According to an earlier report by BIRN, the plan for the tender bid clearly included “the demolition of the existing concrete.”

The contract was terminated in October 2016, as only 42 per cent of the contract was fulfilled within the specified time frame, data from the ministry shows.

Part of the National Liberation War Monument from the ’60s. | Courtesy of Spomenik Database

The same year, all the documents on the memorial project were transferred to the Agency for the Management of Memorial Complexes, AMKMK, “for the continuation of further phases”. The 270,000 euros left from the tender were re-purposed for another memorial dedicated to Rugova, in the town of Istog.

Bislim Zogaj, the current director of the AMKMK, who took office two months ago, said his agency will soon start the process of finding another company to complete the project.

“We will start the memorial in 2019, because we are pretty late anyway but will then have a larger capacity,” he said.

Zogaj said the new project would differ from the planned complex in 2013, and efforts would be made to cooperate with other institutions.

“There should be radical changes to the [initial] project. Personally, I am interested in altering it because the context has changed from the time when the project was made. It should be a memorial complex, not only for Prishtina, but for the whole of Kosovo,” he said.

Asked about the possible destruction of the monument in the future project, Zogaj said that he did not know the details of the initial contract between the ministry and the two companies.

“I cannot give a competent answer [about the monument], as the context has changed. It should be a different project from the earlier one, and, regarding the monument … I cannot give you a decisive opinion,” he said.

When told about the legal protection that the monument enjoys under the Ministry of Culture, Zogaj said they would not go against the law.

“I do not know whether it is [protected] or not; if it is, there is nothing to be discussed … When we publish the tender for drawing up the project, we need to consider those that are protected by law,” he said.

In October 10, Minister of Culture Kujtim Gashi will sign the new list of cultural heritage items under temporary protection. Whether the status of these two memorials will be changed remains to be seen.

Ramku said that, through Docomomo workshops, he and his team are trying to gather information and ensure that Modernist monuments in Prishtina are put under temporary protection.

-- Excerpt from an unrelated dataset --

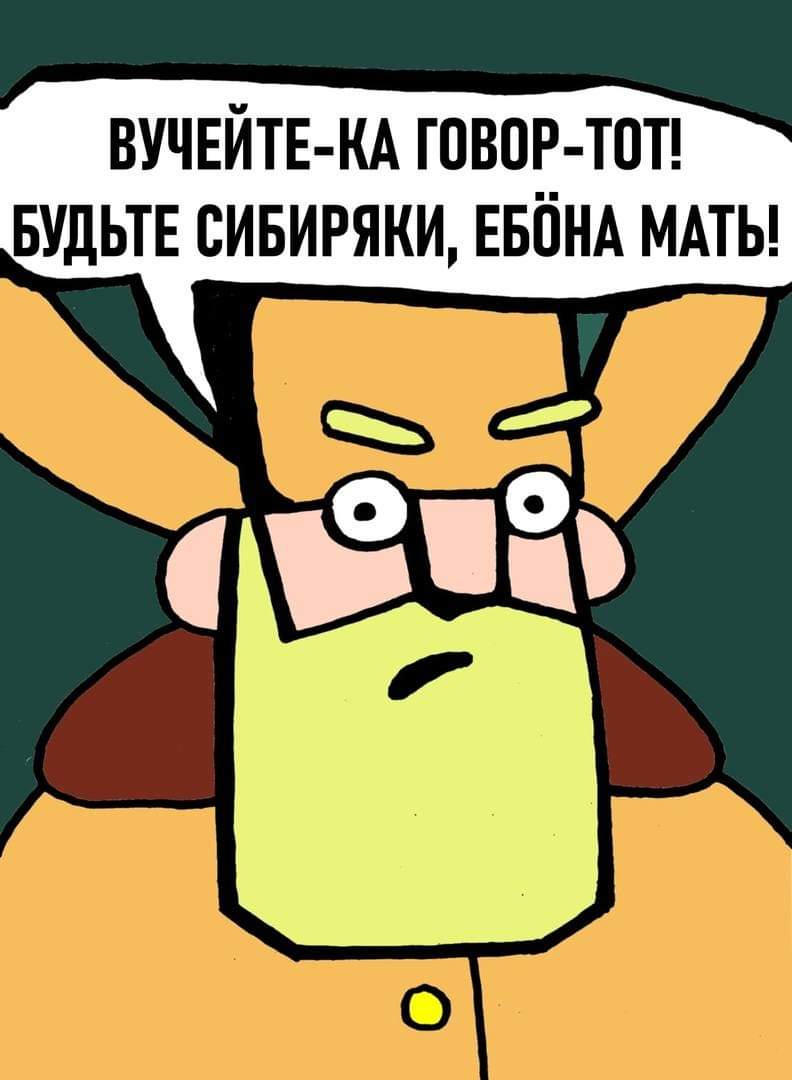 ВУЧЕЙТЕ-КА ГОВОР-ТОТ! БУДЬТЕ СИБИРЯКИ, ЕБОНА МАТЬ!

“All of them are under risk; when they’re not listed there is nothing you can do,” he said.

“But, you need to have [someone] with influence within the ministry, otherwise they won’t include them,” he said.

Recently, Docomomo Kosovo started an online petition, appealing for the protection of the former Germia shopping mall in Skenderbeu square, which according to their statement, is under threat of demolition in order to construct a new concert hall.

Still, institutional protection by the ministry does not ensure that the sites are not meddled with: the monument in Velania, as well as many other protected sites, such as the Clock Tower in Prishtina, are riddled with graffiti and surrounded by garbage.